The season of winter will be soon upon us. With the clocks ‘going back’, evenings have begun getting darker and darker. Perhaps the weather may turn cold. Many of us grab for the vitamin A tablets to keep us more upbeat and our daily rounds are coloured by the prospect of Christmas around the corner. I don’t know why, but when I’m in the middle of summer I can’t believe winter is a reality at all (of course, it’s also true, when we are in darkest winter, it is hard to imagine we’ll ever see summer again!). and yet these months hold some of the great festivals of the Christian year, lights in our darkness.

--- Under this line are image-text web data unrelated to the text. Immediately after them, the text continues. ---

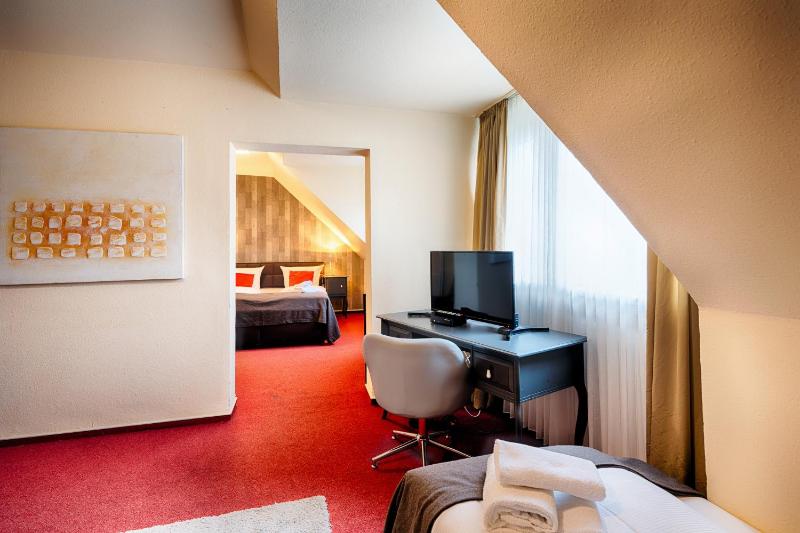 Triple Room image 4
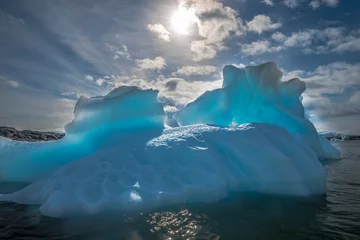 Fototapeten Azur schimmernder durchscheinender Eisberg in der Antarktis © Achim Baqué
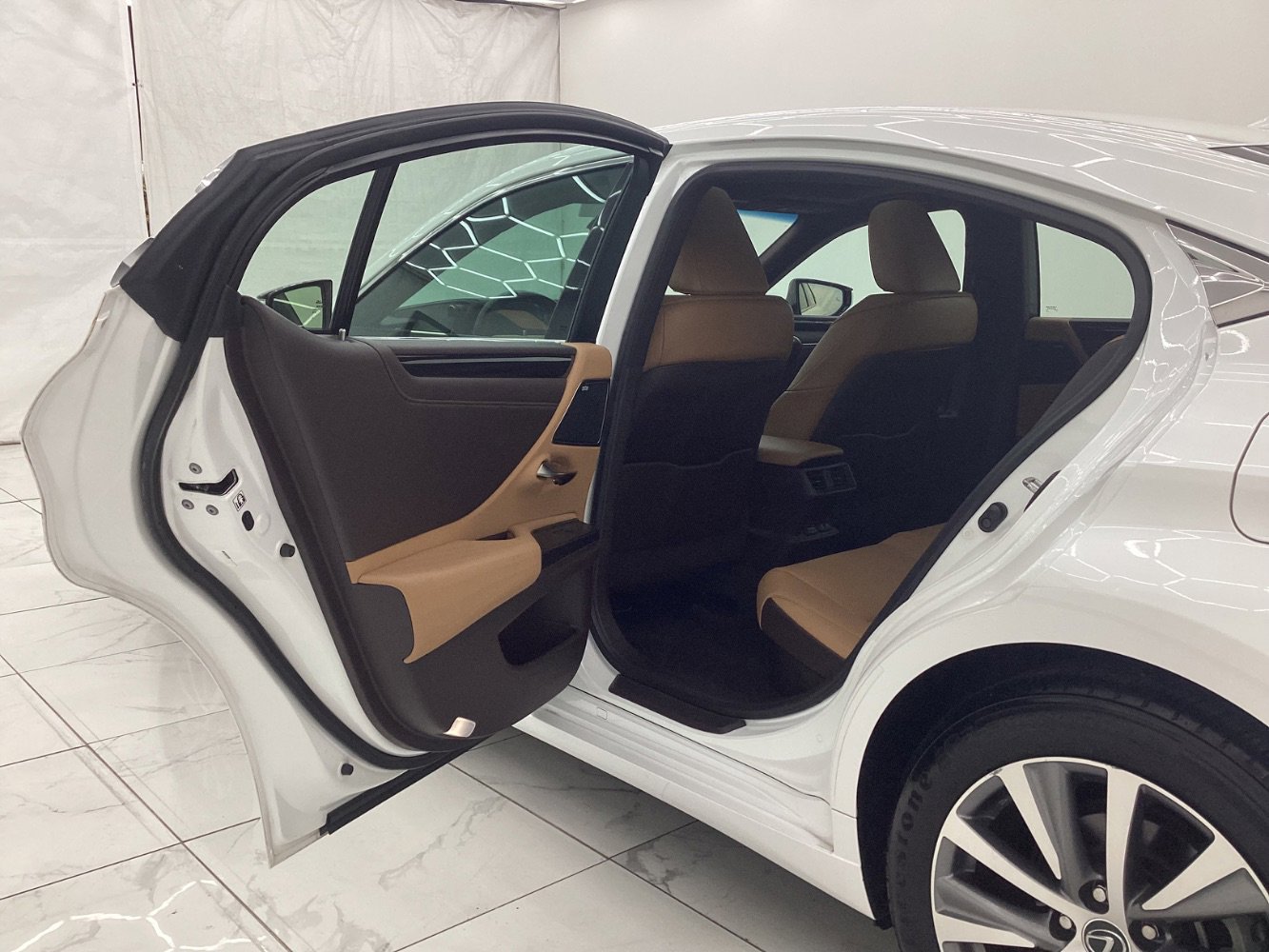 Used 2020 Lexus ES 300h w/ Premium Package image 22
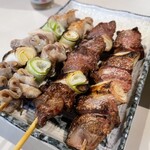 やきとり八重 - シロ、レバー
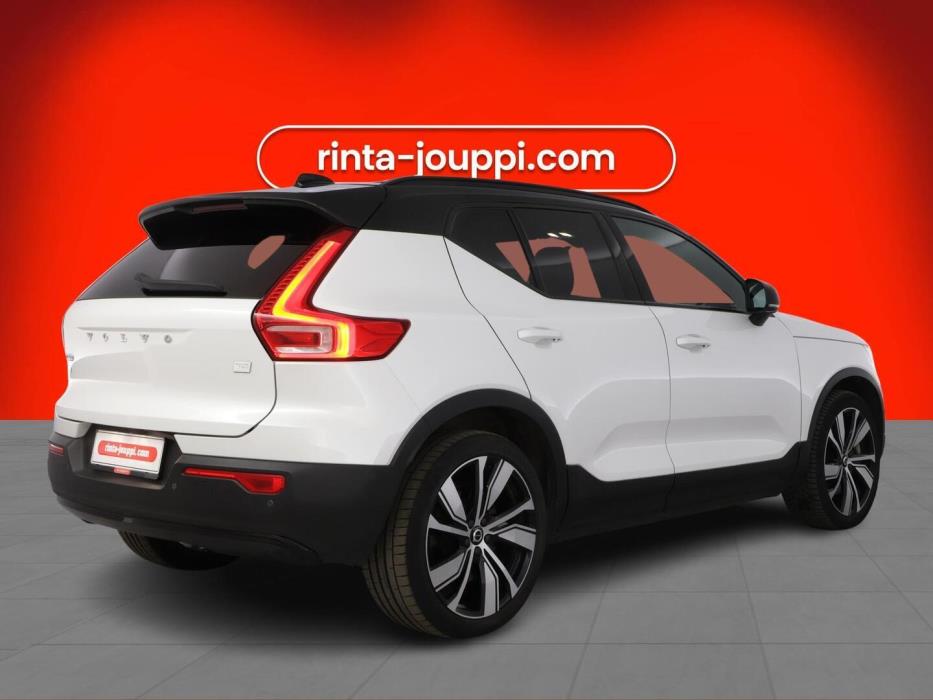 VOLVO XC40 2022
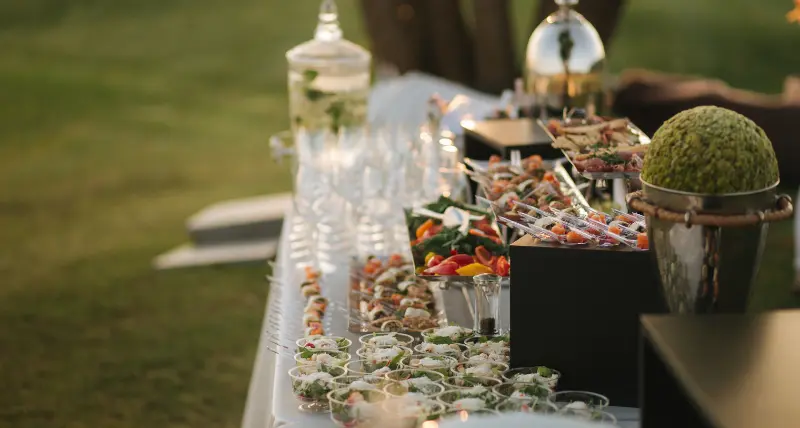 tavola apparecchiata in giardino per un catering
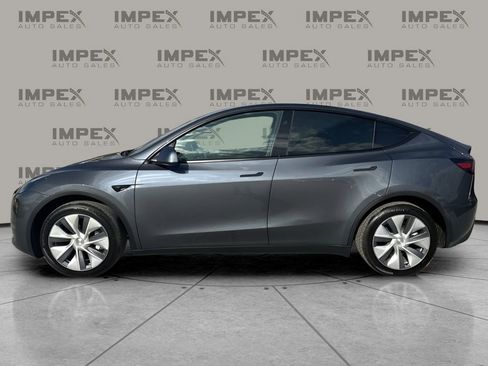 Used 2023 Tesla Model Y Long Range image 2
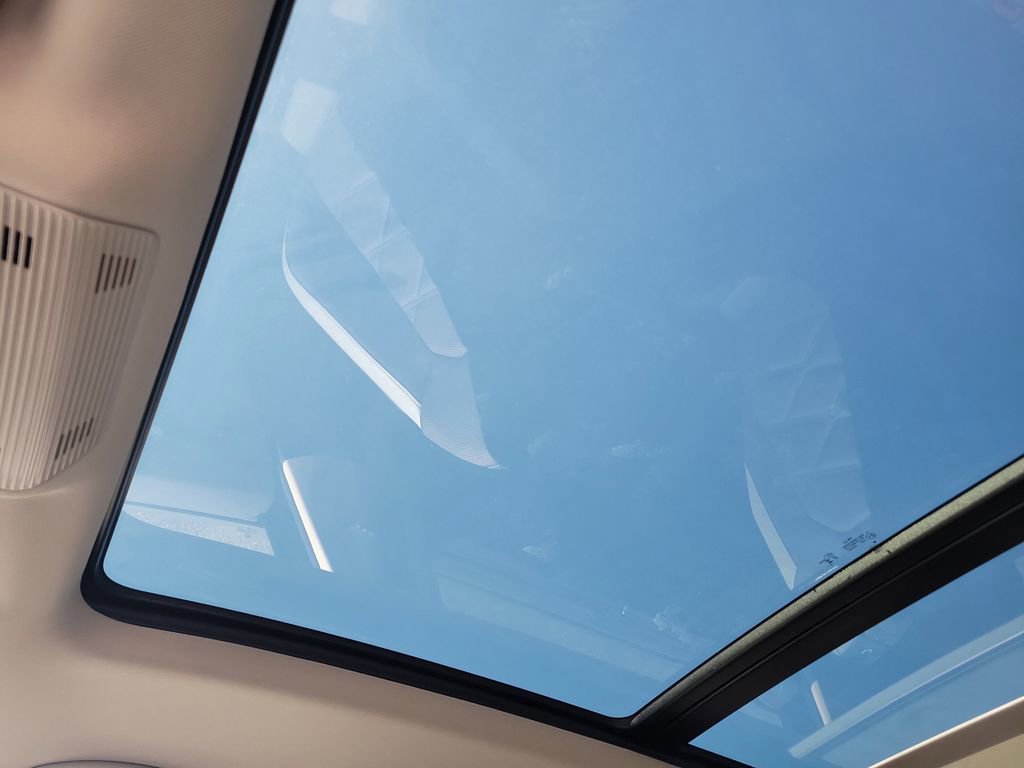 New 2025 Volkswagen Atlas Peak Edition SE AWD/4WD image 33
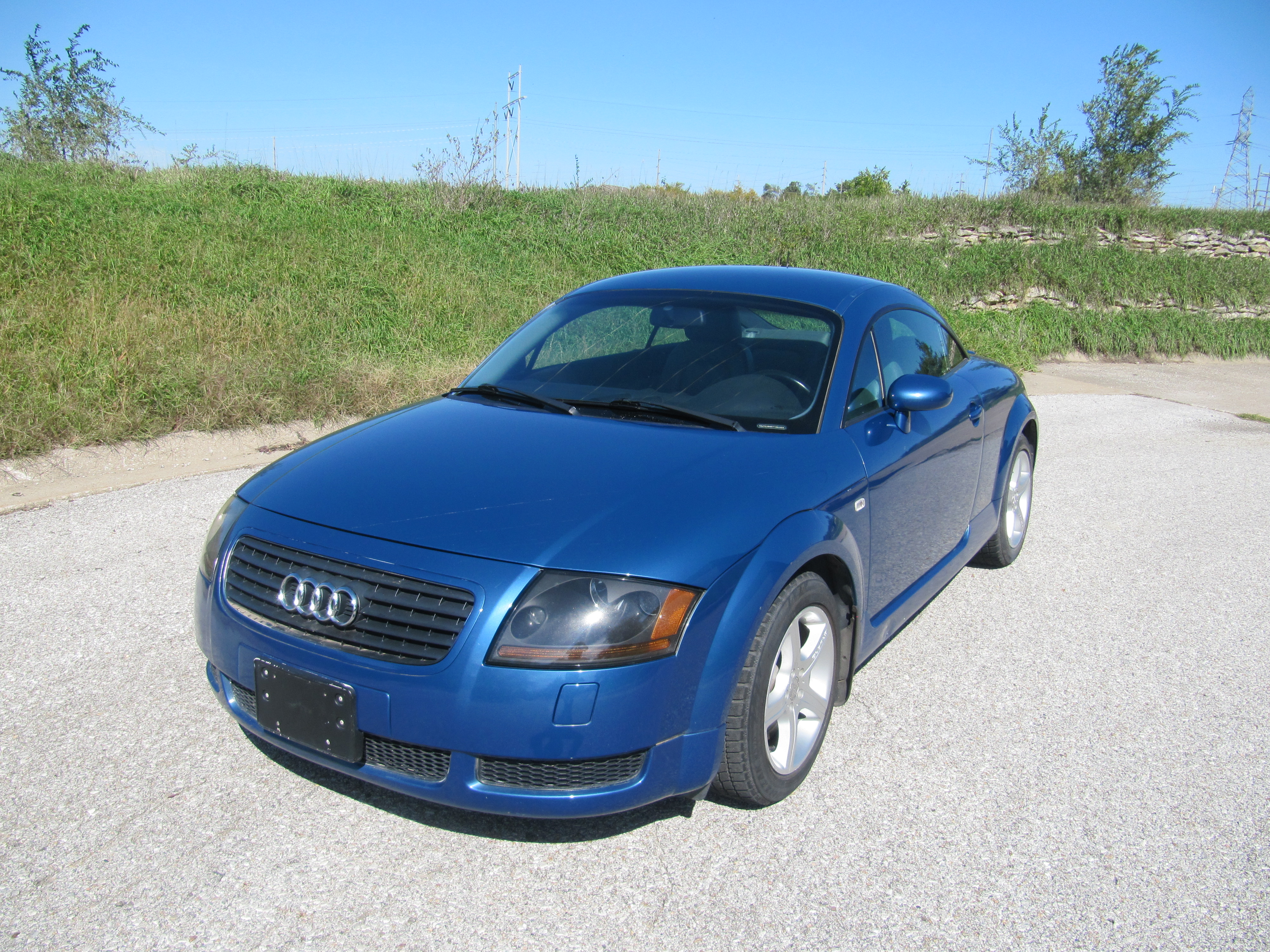 Used 2000 Audi TT 1.8T Coupe w/ 180hp FWD image 2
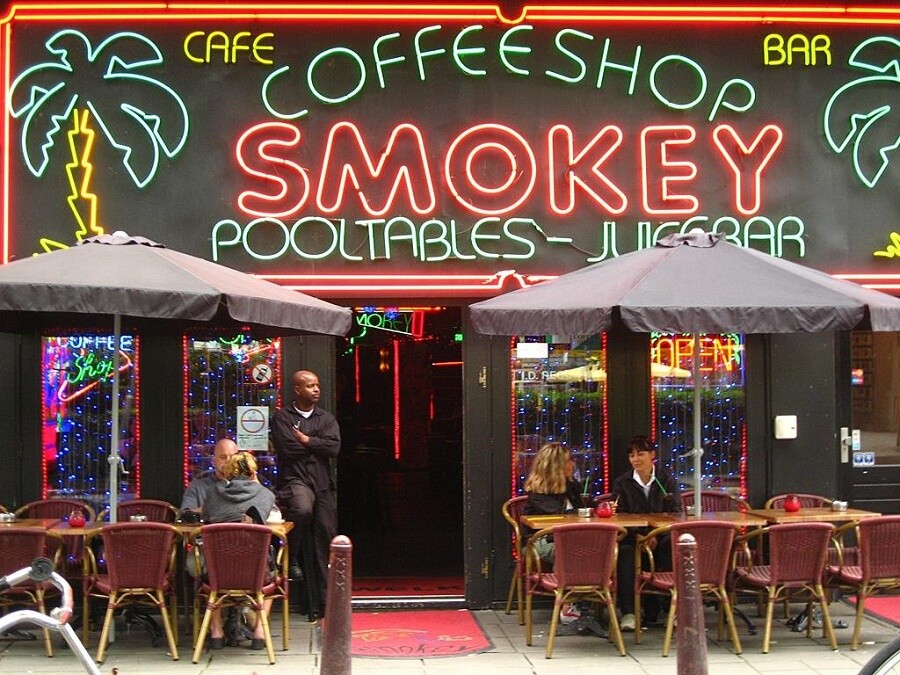 Justiça holandesa proíbe área de fumantes em bares e cafeterias
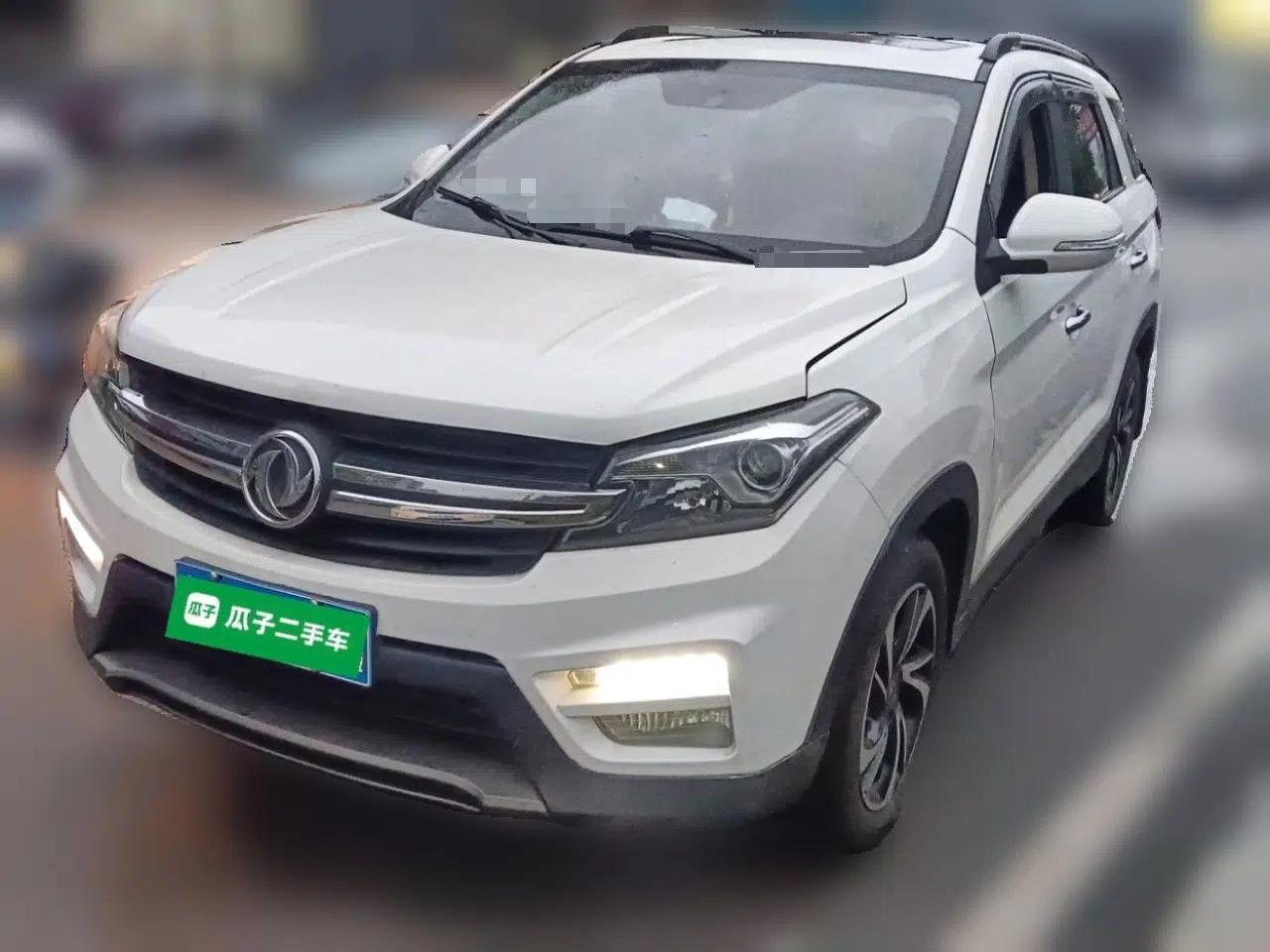 Dongfeng Fengon S560 2018 1.8L Manual Comfort 7-Seater — миниатюра 1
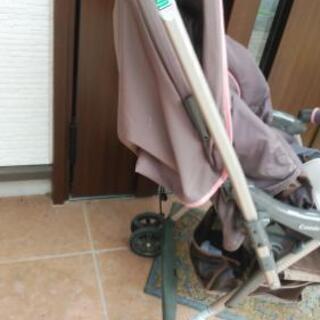 ベビーカー　コンビの画像
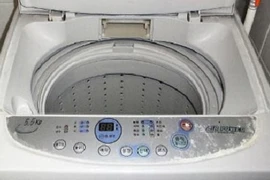 Chơi trốn tìm, bé gái bị kẹt trong máy giặt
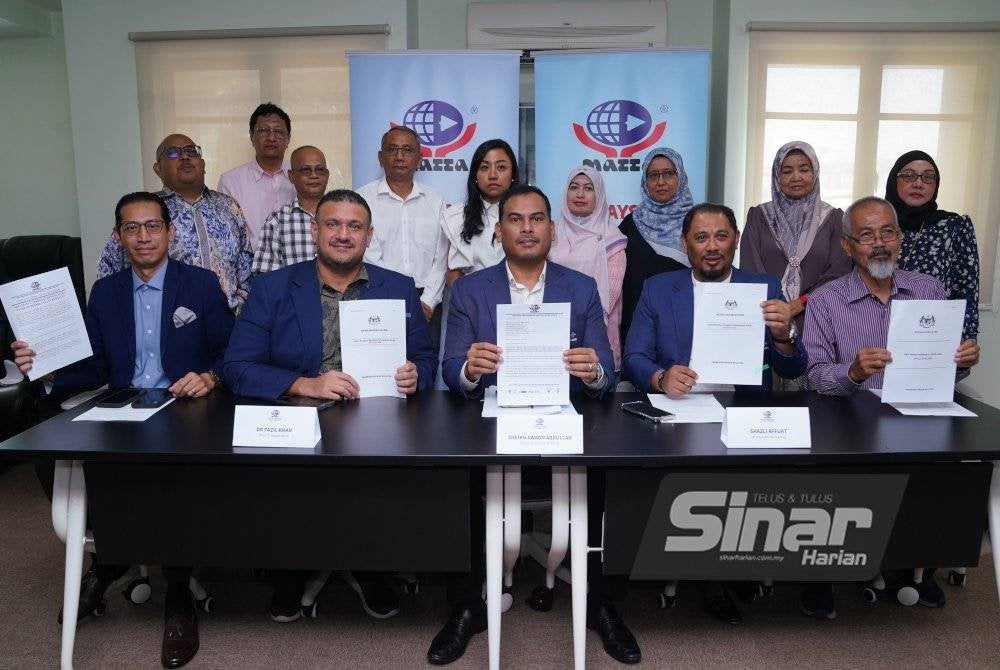 Sheikh Awadh (duduk tengah) bersama wakil syarikat ejen pelancongan Bumiputera yang hadir sidang akhbar pada Selasa.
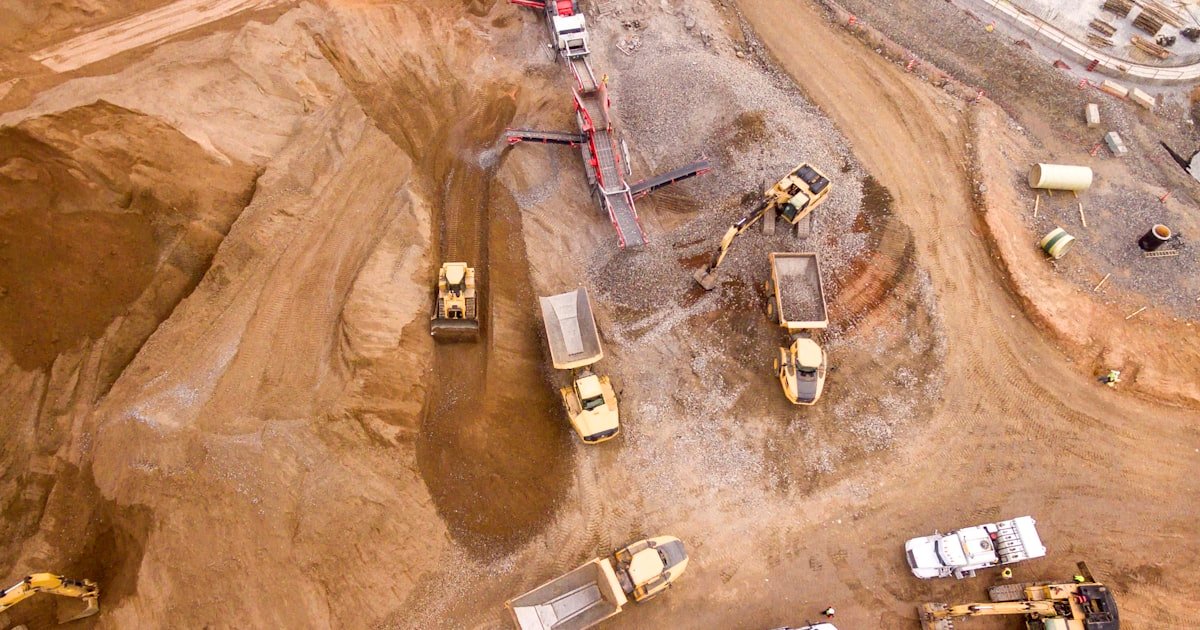Fleet Tracking for Construction Equipment and Assets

After Harvest and Remembrance Sunday, we turn our thoughts to Advent and through the month of November we spend time – and worship – focussed on preparing ourselves and the community for the moment of Christ’s birth. In the lectionary, they are known as the ‘weeks before Advent’ – a time of looking forward while also reflecting on past saints and the souls of those we have left behind, on whose shoulders we build our faith. Some churches reflect this moment with a change in colour around the church: mostly green or red, just as the leaves on the trees turn from the summer green to the autumn red. Once Advent arrives, they change again to purple and then white for Christmas. In the United Reformed Church most churches and ministers tend not to follow this marking of the seasons, which I think is a great shame.

For me, the most important element in November is the remembering of the past and also the preparing for the future – a church that only remembers the past is not alive; the church that looks only to the future loses much of what the past can teach us. At the Zoom service on the 24th October I looked at Psalm 126 which, some scholars believe, celebrates the goodness of God in liberating God’s people from exile in the past, while also looking forward to God’s great liberation for us all. James Cone expresses it more explicitly in his wonderful Black Theology when he reflects on the faith of black slaves who sang the gospel songs, even while in chains: “It, the passionate character of theological language, is a language of celebration and joy that the freedom promised is already present in the community’s struggle for liberation.”

Exploring this in any encyclopaedia introduces us to the word ‘liminality’: “being on a threshold,” is the condition that prevails during the inner phase of rites of passage, those rituals performed in many societies to transfer a person from one stage of life to another. Liminality is the experience of being betwixt and between.

In the Church, November is the month that sits on the threshold, helping us to reflect on the past, yet long for a future.